Metropolis: Wednesday, September 05, 2002
A D V E R T I S E M E N T
A D V E R T I S E M E N T
Well-Blown Whistle

The story of Kim Emigh’s allegations helped lift the lid on WorldCom.

By DAN MALONE

Kim Emigh, the Texas financial analyst who was laid off after blowing the whistle on questionable accounting practices at WorldCom, was cited last week by The Washington Post for playing a pivotal if circuitous role in drawing attention to the larger scandal that has now dropped the telecom giant to its corporate knees.

As detailed in a Fort Worth Weekly cover story on May 21, Emigh had objected to a management directive that he believed could have caused about $3.5 million in capital expenses to be illegally accounted for.
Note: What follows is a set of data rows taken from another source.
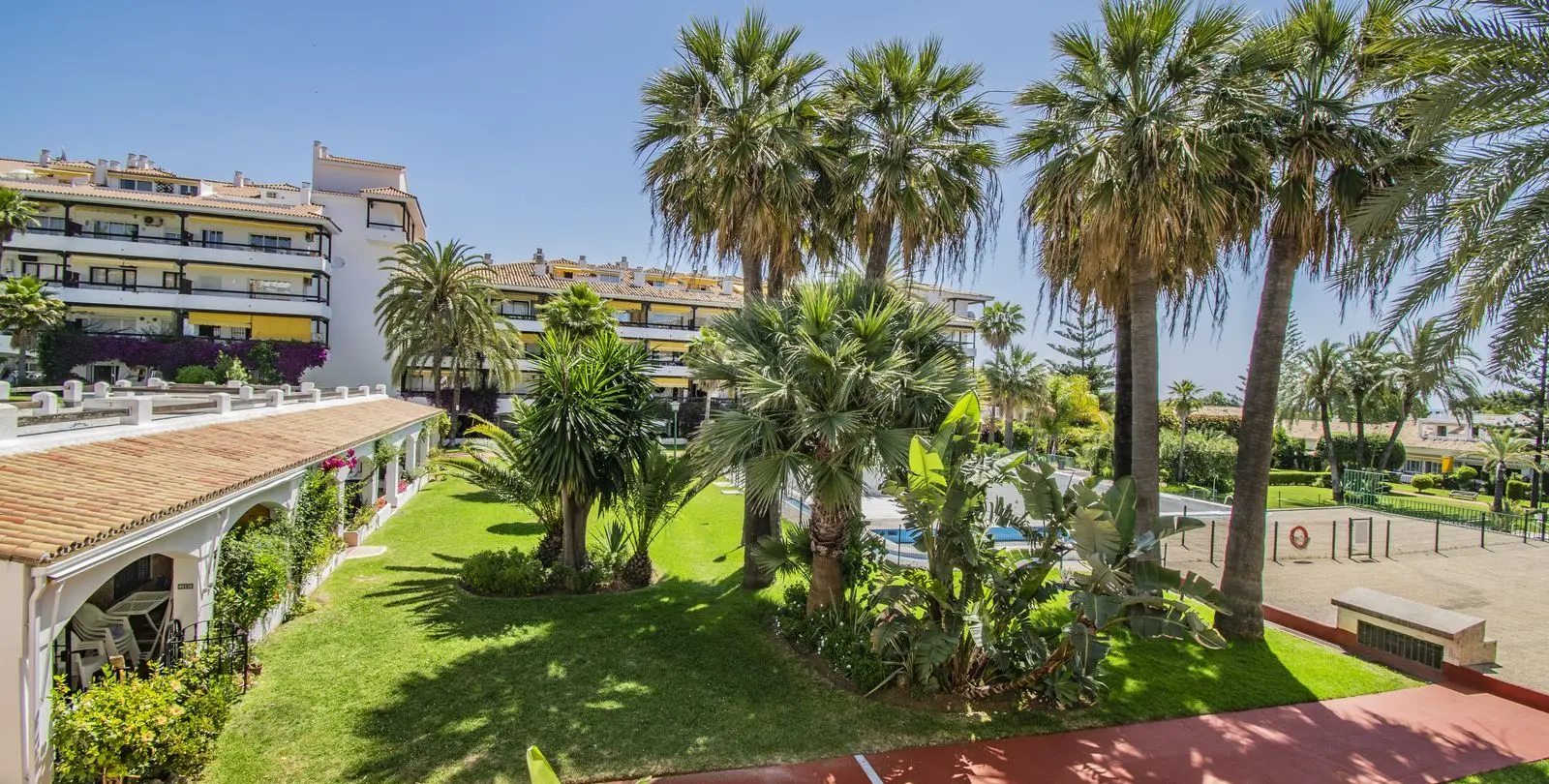 Sale of penthouse in The Golden Mile 17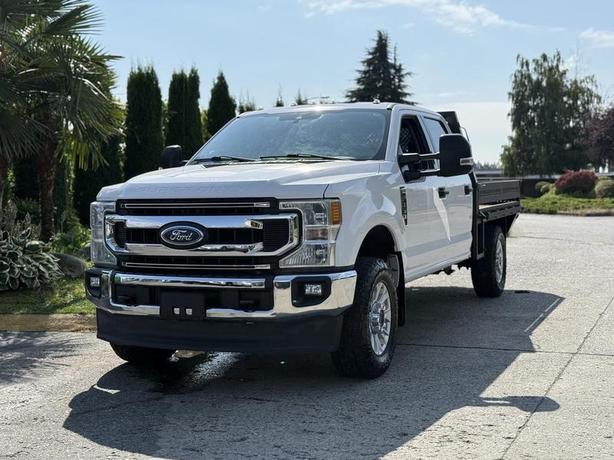 2020 Ford F-350 SD XLT 4X4 Crew Cab 8-Foot Flat Deck Truck image 4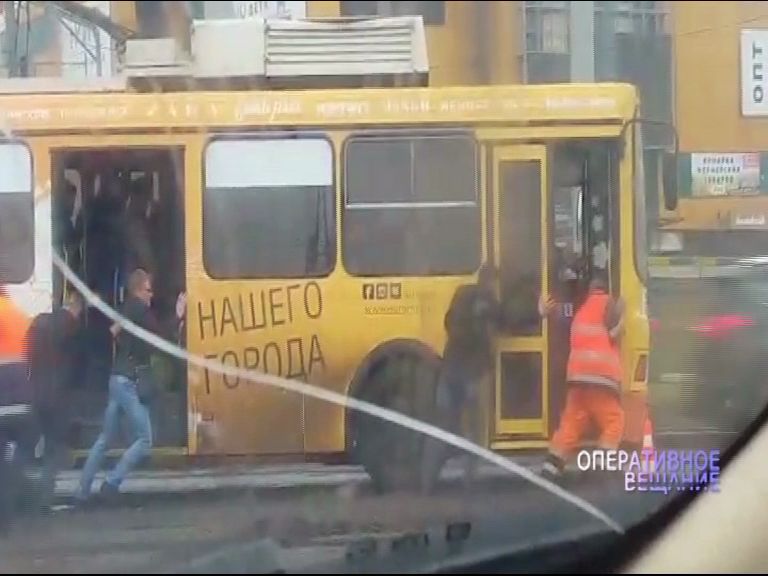 ВИДЕО: пассажиры толкают застрявший троллейбус на Тутаевском шоссе
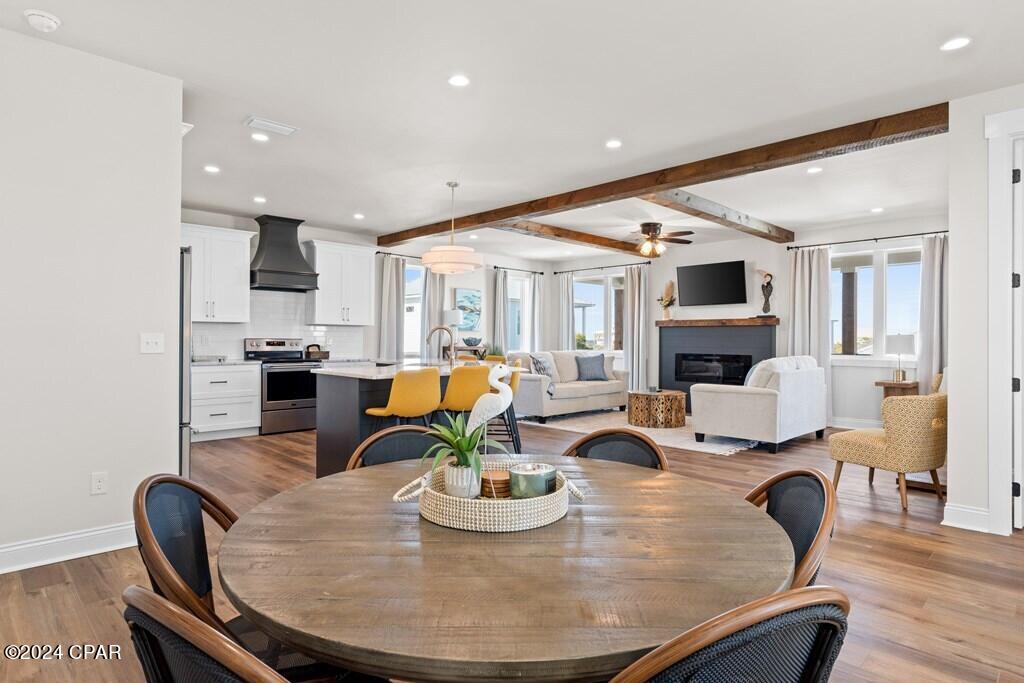 110 Seagrass Circle
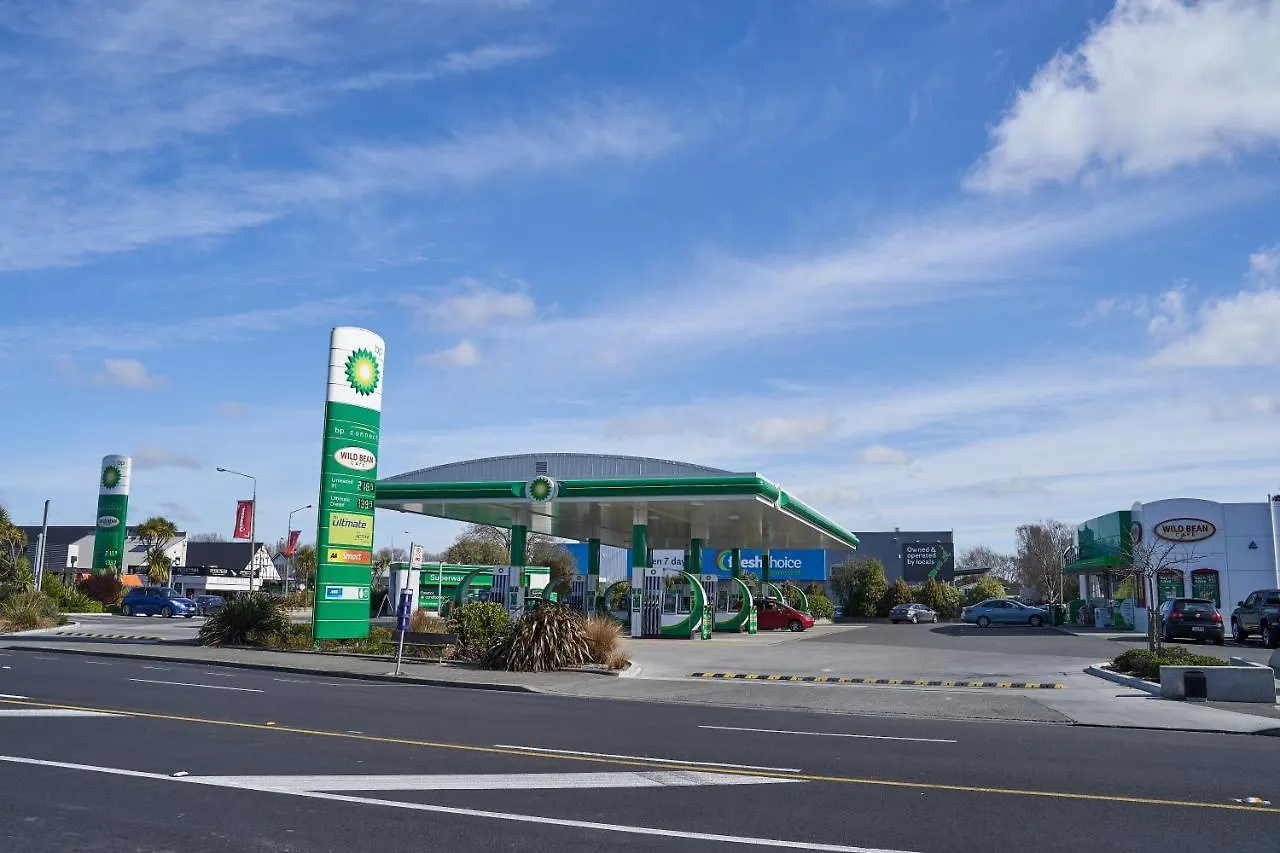 Azena Suites & Apartment Christchurch Motel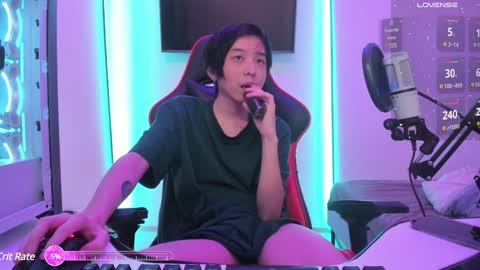 Snapshot of your_little_twink chatting on February 2, 11:32 pm Han online show from February 2, 11:32 pm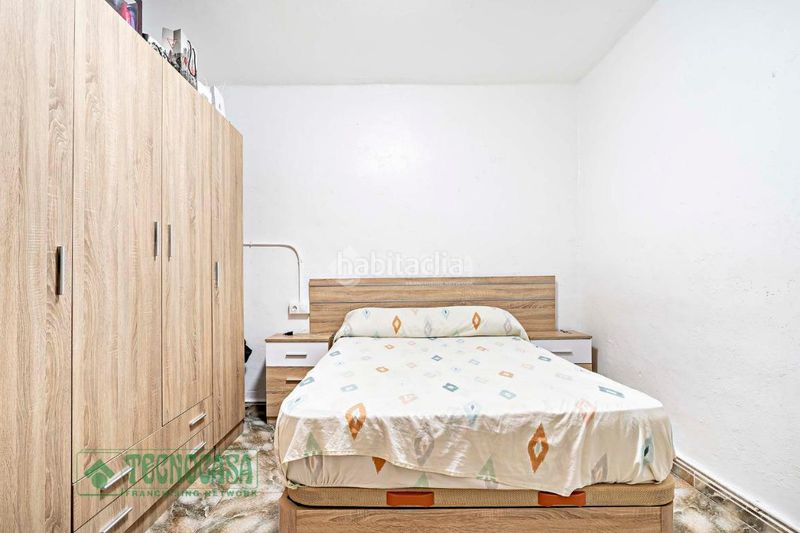 Foto 99432fd2-4750-45d7-ae63-7729ae5fd4fe. Casa aparellada a Roquetas pueblo Roquetas de Mar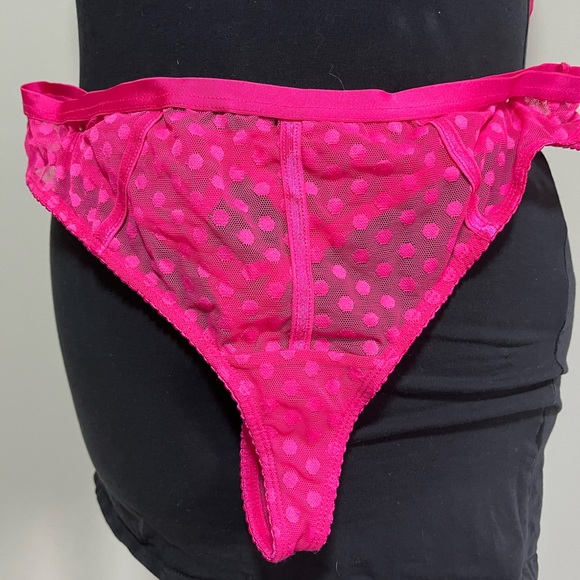 Torrid Size 0 Matching Bra and Thong in Hot Pink - Picture 2 of 3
A few weeks after the story ran, Emigh’s complaint was overshadowed when WorldCom auditors announced they had uncovered a different scam that had inflated the company’s cash flow by $3.9 billion.

Comparatively small they may have been, but Emigh’s allegations apparently started a very big ball rolling. The Post’s front-page article on Aug. 29 said Weekly editor Gayle Reaves’ story about Emigh was one of the elements discussed by WorldCom internal auditors who went on to uncover the $3.9 billion misdeed.

“On May 16 of this year, 13 days before the audit team met and began questioning capital expense adjustments, an alternative newspaper, the Fort Worth Weekly, published a lengthy account of Emigh’s story,’’ The Post reported. “The article caught the attention of Mark Abide, [WorldCom’s] director of property accounting. On May 21, Abide forwarded the article to Glyn Smith on the internal audit staff, with a note saying the allegations (of accounting misdeeds by Emigh) were ‘worth looking into.’ ”

The Post said the auditing team met May 29 to discuss the Weekly’s article on Emigh, as well as results of a recent audit that had raised disturbing questions about overcharges by a group of contractors. At that meeting, Post reporter Jonathan Krim wrote, the team focused on a third problem, involving mysterious and sizable additions to the company’s capital expenses.

“The internal audit team resolved to make tracking down the adjustments a top priority. ... Within a month, the auditors had discovered that $3.9 billion in operating costs were improperly accounted for as capital expenses.’’ That’s the flip side of the problem Emigh had found.

“It’s a pretty amazing world,’’ Emigh told the Weekly after the Post article appeared. “It just shows that a little bit of determination and standing up for what’s right can accomplish more than I ever imagined.’’

The Post’s story was based on thousands of pages of company records reviewed by Krim. His article portrayed WorldCom as being plagued by “loose business practices, inadequate financial disclosure, and widespread internal chicanery and corruption’’ long before the accounting scandal forced it into bankruptcy. Indeed, those descriptions cover many of the practices and problems that Emigh told the Weekly he had seen during his years with MCI and WorldCom.

Emigh worked at WorldCom’s networking engineering office in Richardson. When the company announced it was laying off 375 workers in March 2001, Emigh was a well-lit target. The by-the-book analyst had antagonized management by repeatedly challenging the company’s bookkeeping practices. He questioned apparent double-dipping by a favored subcontractor who sought payment for 10 workers who, according to invoices, shared only five Social Security numbers. He complained about a bartender whose friendship with WorldCom managers netted him the equivalent of a $120,000 annual salary for a grunt work data entry job. All of those problems were again detailed in Krim’s story.

But what appears to have sealed Emigh’s fate was his decision to challenge that management directive to mischaracterize millions of dollars in capital expenses as operating costs — a move that he considered illegal as well as a breach of WorldCom’s own internal policies.

In the last few weeks, Emigh has become the go-to guy for national media covering the WorldCom debacle.

“Before, no one wanted to listen to the story. I had maintained long before Enron that this needed to be a national news story,’’ he said. Now, “We’ve been on CNN, ABC, The Washington Post, The New York Post. It’s just gone and on.’’

Emigh’s vindication is not with out a bittersweet element. His $35 million wrongful termination lawsuit against WorldCom got thrown out of court, but he’s trying to turn that around on appeal. And he’s out of work.

It took Emigh 14 months to find his first post-WorldCom job — in part because the company, he said, would not provide him with references. But now that job, too, has played out. One of his new employer’s big accounts went elsewhere, and Emigh’s job went with it. Friday was his last day.

As for WorldCom, two of its top executives have been indicted on fraud charges, the company is attempting to reorganize in bankruptcy — the biggest bankruptcy filing in U.S. history — and its stock now goes for pennies a share.